**Exercise:** Tell how many lines in the data hold "could", giving that figure alone.

**Provided material:**
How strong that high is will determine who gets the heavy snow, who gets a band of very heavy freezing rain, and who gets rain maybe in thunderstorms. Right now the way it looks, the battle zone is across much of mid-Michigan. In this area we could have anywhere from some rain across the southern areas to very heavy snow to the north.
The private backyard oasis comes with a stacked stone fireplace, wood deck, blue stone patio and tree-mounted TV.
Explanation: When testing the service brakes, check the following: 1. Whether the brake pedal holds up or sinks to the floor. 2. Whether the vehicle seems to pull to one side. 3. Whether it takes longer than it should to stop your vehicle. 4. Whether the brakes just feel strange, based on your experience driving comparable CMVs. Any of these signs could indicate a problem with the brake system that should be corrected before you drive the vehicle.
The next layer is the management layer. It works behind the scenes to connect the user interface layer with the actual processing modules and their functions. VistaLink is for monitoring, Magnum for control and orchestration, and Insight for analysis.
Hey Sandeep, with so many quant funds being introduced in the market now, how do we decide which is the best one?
--
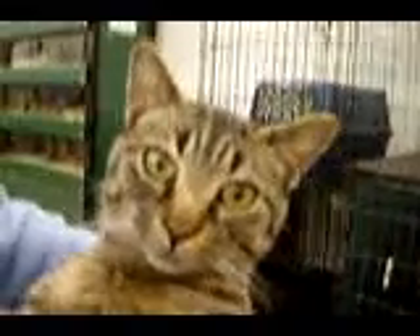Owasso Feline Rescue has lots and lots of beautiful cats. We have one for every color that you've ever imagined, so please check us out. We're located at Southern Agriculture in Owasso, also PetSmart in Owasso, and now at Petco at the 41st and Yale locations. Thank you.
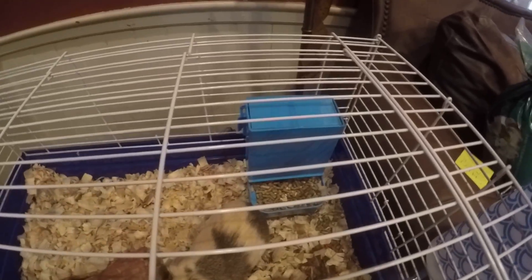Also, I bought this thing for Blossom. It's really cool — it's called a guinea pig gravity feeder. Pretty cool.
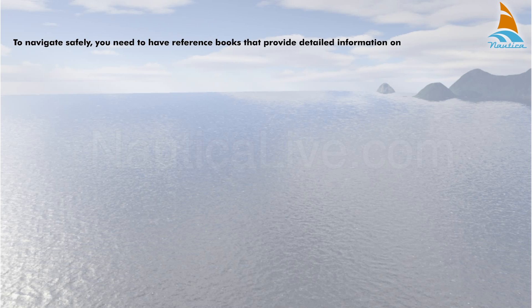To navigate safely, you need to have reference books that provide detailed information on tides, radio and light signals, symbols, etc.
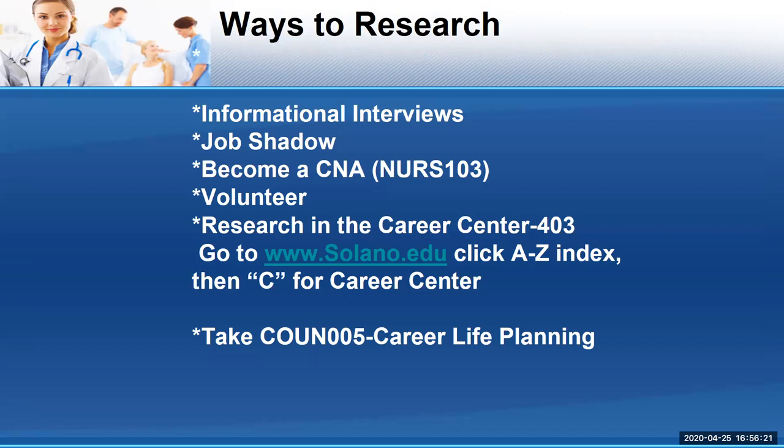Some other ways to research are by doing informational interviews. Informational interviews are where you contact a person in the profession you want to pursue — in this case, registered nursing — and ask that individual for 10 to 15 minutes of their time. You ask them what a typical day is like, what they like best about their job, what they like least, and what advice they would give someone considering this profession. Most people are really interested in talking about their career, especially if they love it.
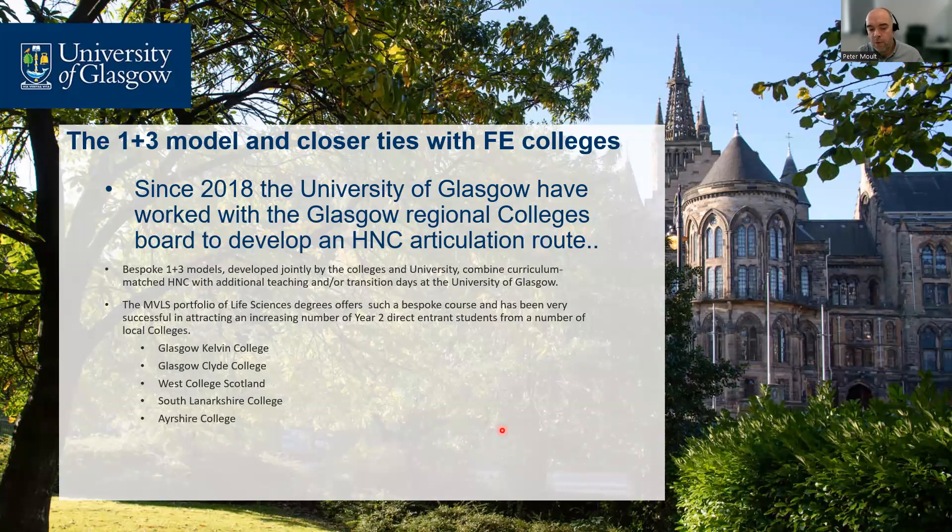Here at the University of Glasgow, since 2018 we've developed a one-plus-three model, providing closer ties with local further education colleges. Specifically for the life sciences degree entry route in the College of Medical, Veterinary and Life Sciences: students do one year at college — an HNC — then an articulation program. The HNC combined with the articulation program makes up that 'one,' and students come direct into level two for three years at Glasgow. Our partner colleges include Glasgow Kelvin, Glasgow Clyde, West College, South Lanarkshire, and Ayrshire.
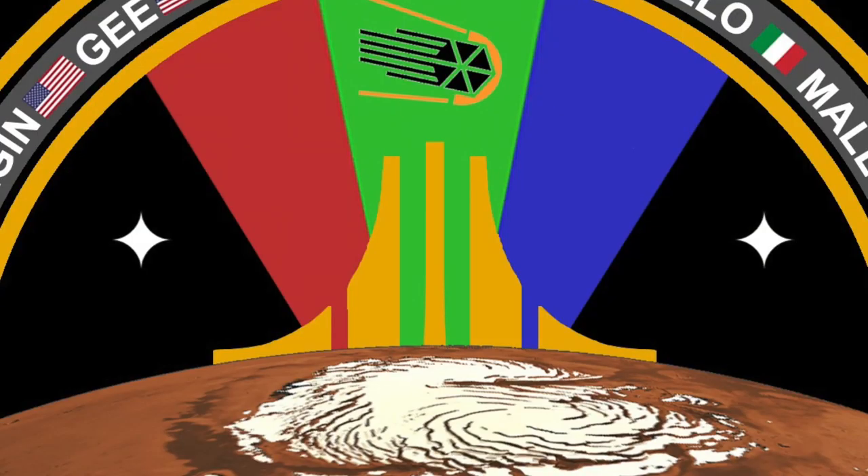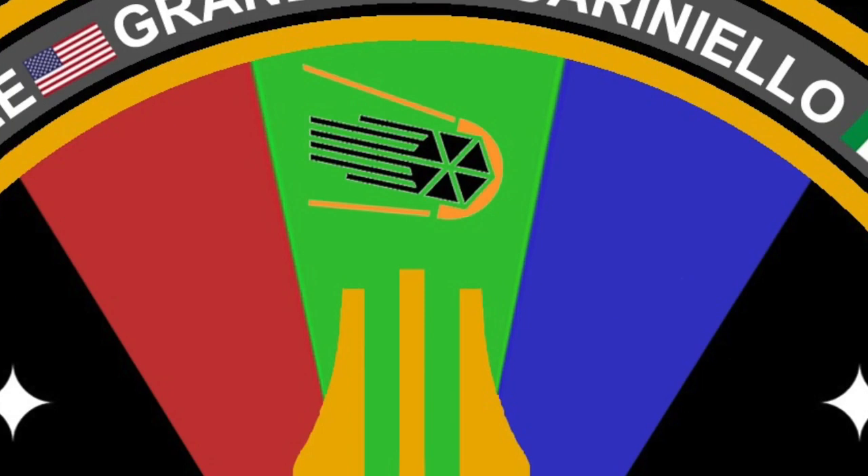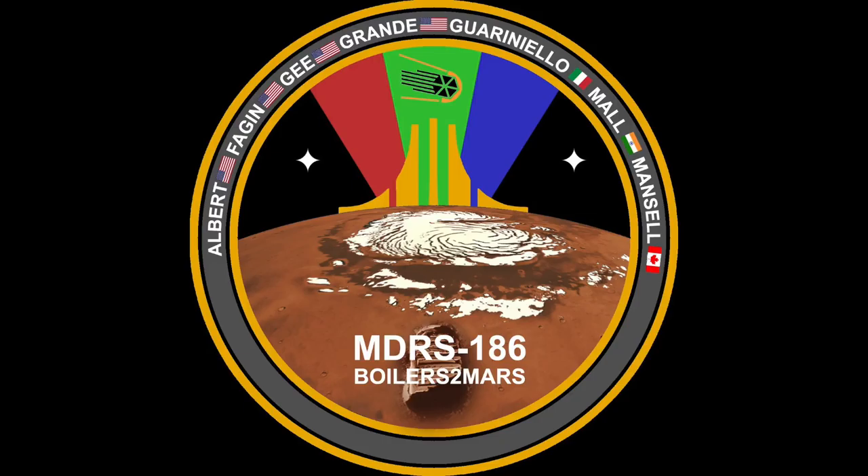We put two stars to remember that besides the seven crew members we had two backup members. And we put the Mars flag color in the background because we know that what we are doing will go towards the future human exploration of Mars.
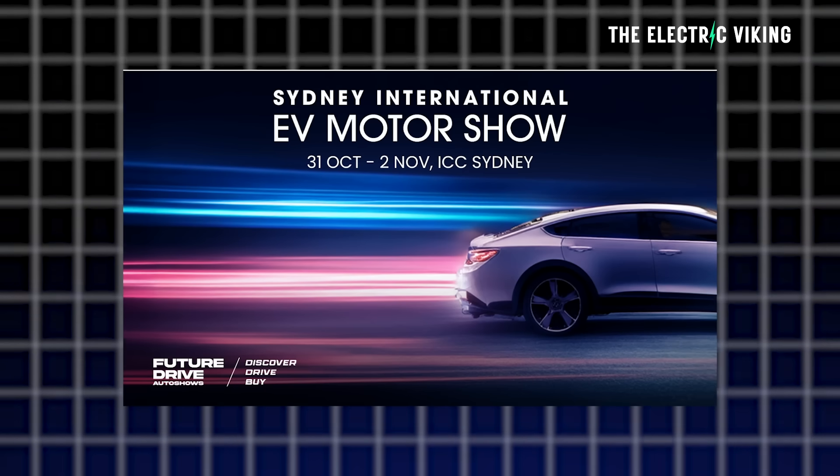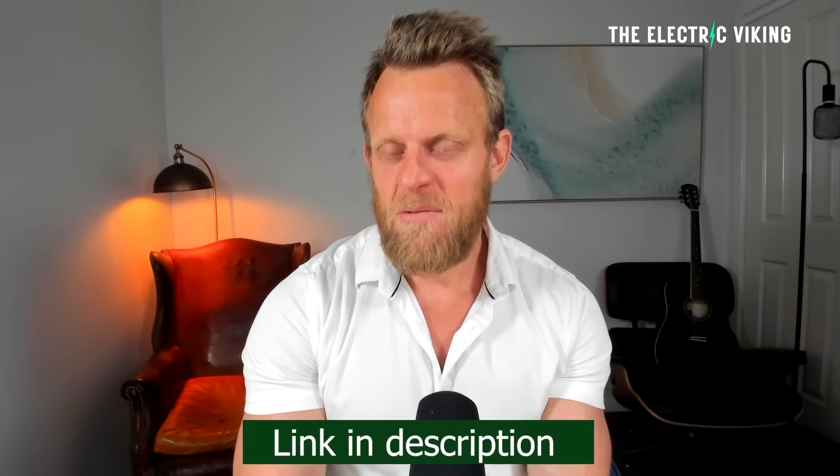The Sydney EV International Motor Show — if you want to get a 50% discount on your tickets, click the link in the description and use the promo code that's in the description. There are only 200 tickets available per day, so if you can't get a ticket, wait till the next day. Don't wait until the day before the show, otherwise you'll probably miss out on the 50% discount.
---
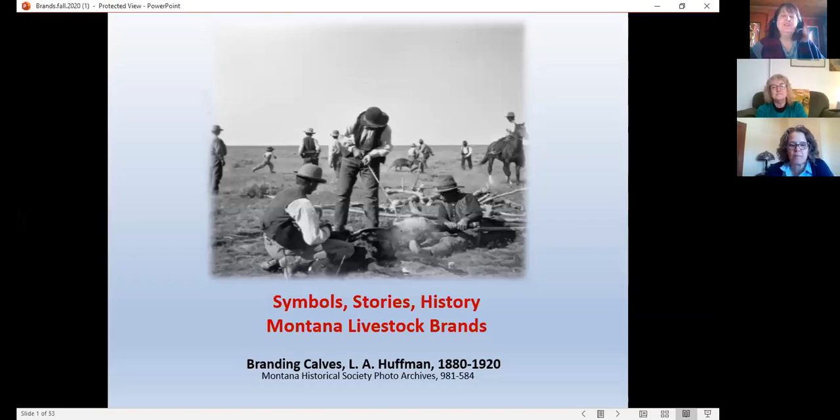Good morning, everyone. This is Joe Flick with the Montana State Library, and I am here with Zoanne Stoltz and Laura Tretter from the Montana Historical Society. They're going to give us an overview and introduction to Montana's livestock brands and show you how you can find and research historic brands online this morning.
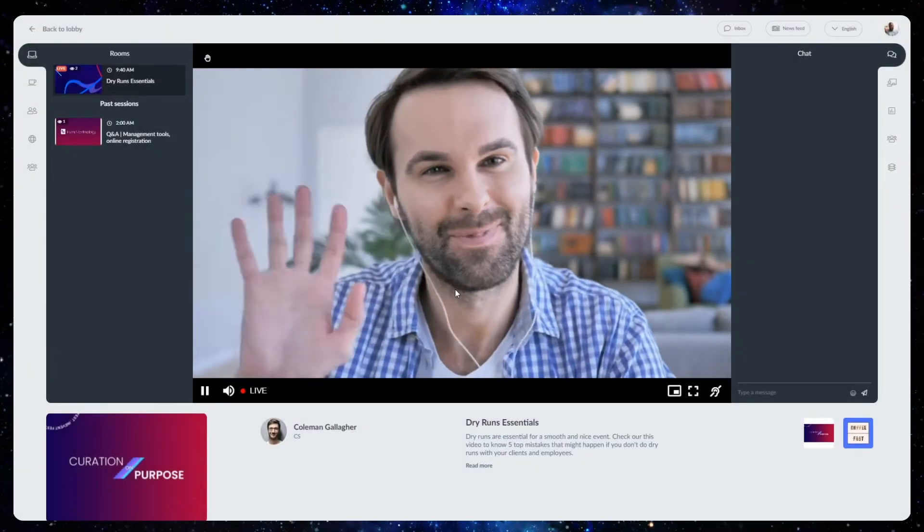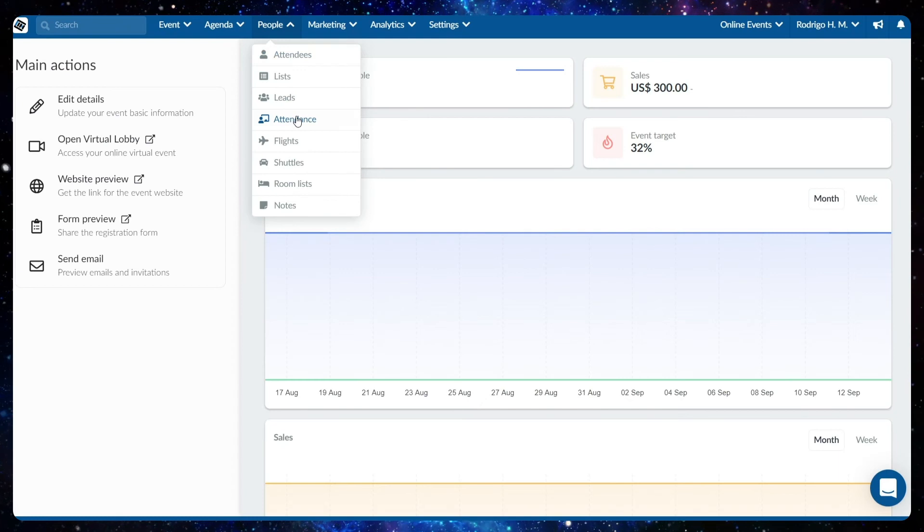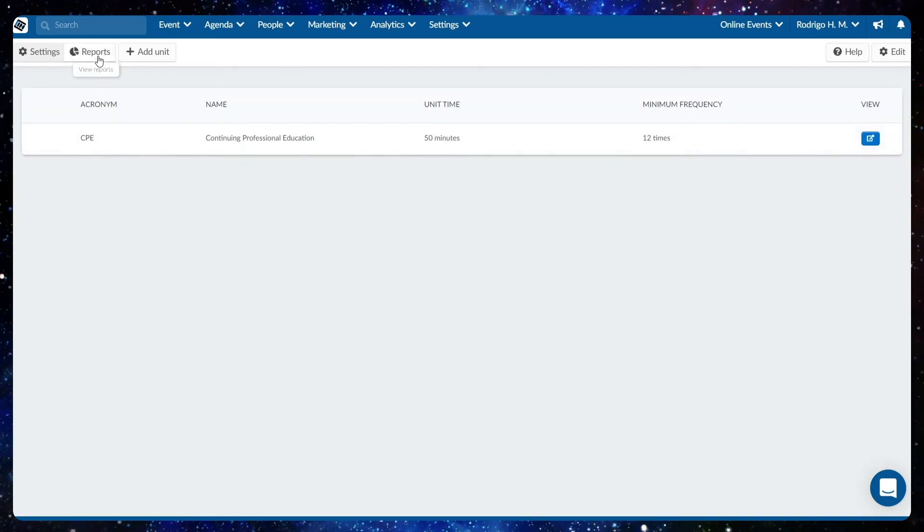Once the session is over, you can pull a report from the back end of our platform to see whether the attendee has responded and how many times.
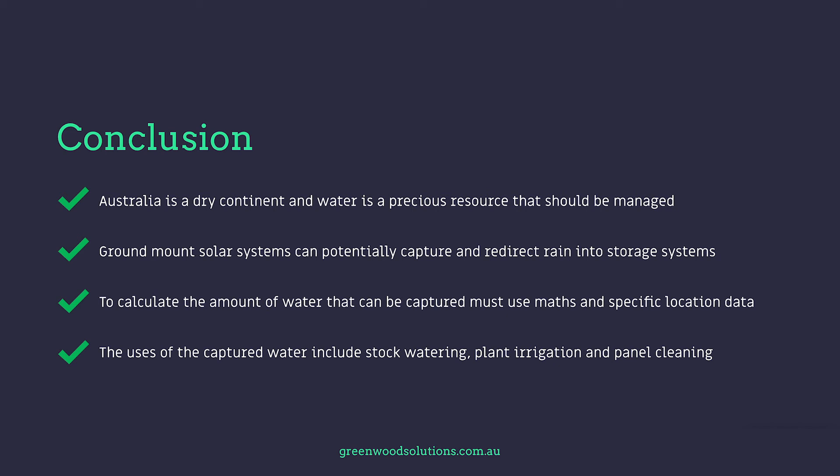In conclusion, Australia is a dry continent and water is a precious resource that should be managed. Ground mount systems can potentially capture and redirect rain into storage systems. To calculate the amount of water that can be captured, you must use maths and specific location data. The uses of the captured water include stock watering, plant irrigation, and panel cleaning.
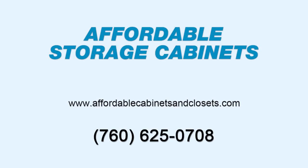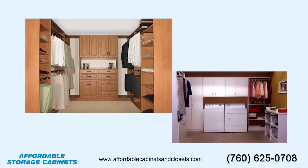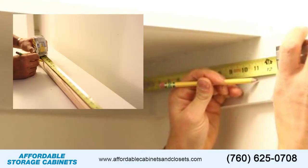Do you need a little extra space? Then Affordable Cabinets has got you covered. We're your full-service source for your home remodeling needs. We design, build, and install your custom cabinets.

**Response to the exercise:** 2